C++ vs Ruby - Lambdas

Lambdas

Cpp

#include <algorithm>
#include <functional>
#include <vector>

int main() {
    std::function<int(int)> addOne = [](int x) -> int {
        return x + 1;
   };

   addOne(5);
   // returns 6

    // use lambda as value, do in-place modification
    std::vector<int> v = {1, 2, 3, 4, 5};
    std::transform(v.begin(), v.end(), v.begin(),
        addOne);
    // new value of 'v' is [2, 3, 4, 5, 6]
}

Ruby

addOne = -> (x) { x + 1 }

addOne.call(5)
# returns 6

# do in-place modification
v = [1, 2, 3, 4, 5]
v.map! &addOne
# new value of 'v' is [2, 3, 4, 5, 6]

What This Code Does

The above code creates a simple lambda that adds 1 to the value provided.
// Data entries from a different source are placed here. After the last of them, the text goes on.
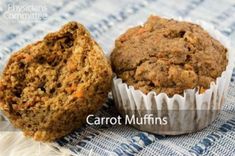 two muffins sitting next to each other on top of a blue and white cloth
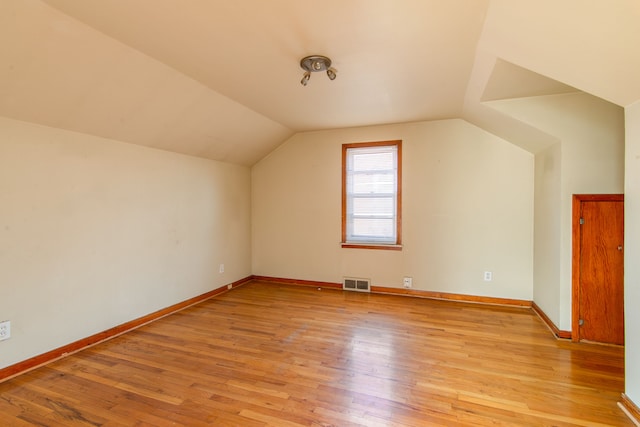 additional living space featuring lofted ceiling, baseboards, visible vents, and light wood finished floors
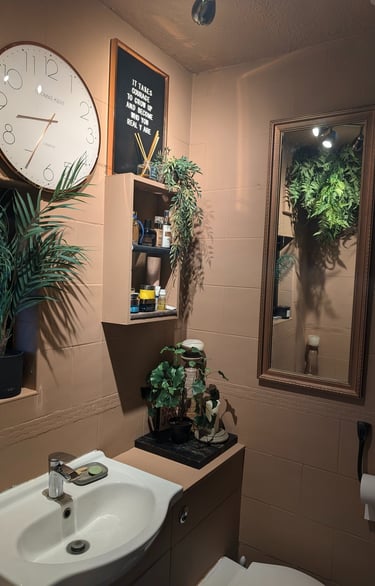 Modern bathroom decor featuring a wall clock, vanity mirror, and lush green indoor plants.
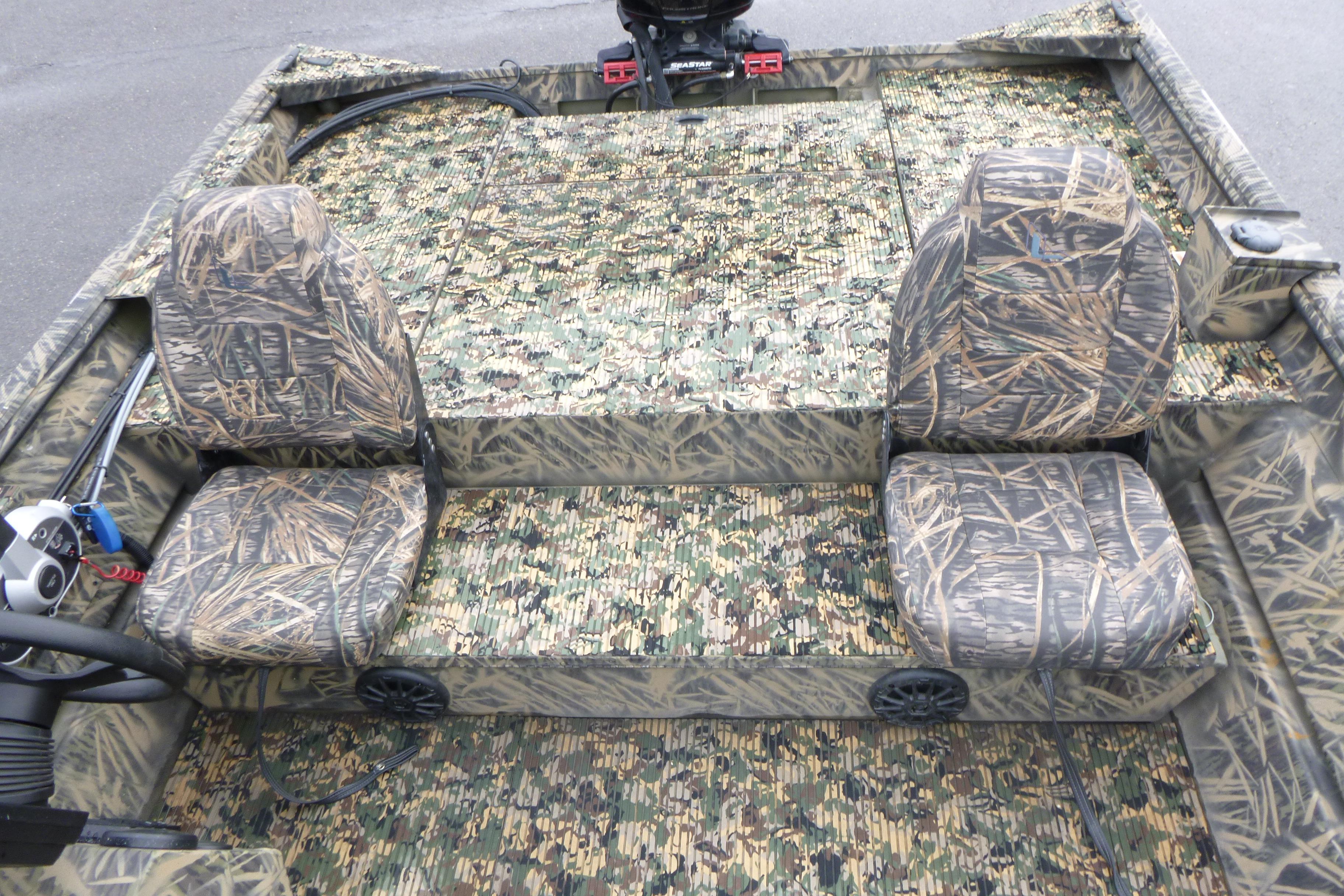 2024 Lowe Roughneck 2070 boat interior with camouflage seating and flooring design.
It is called directly and also passed as a value into functions that operate over lists of data.

What's the Same

The Ruby and the C++ versions define a lambda which is callable and also passable as a first-class-object into other functions. Both versions also define "pure" lambdas that do not capture any local state or perform any kind of mutating state-changes (i.e. calling the code, alone, does not affect our program).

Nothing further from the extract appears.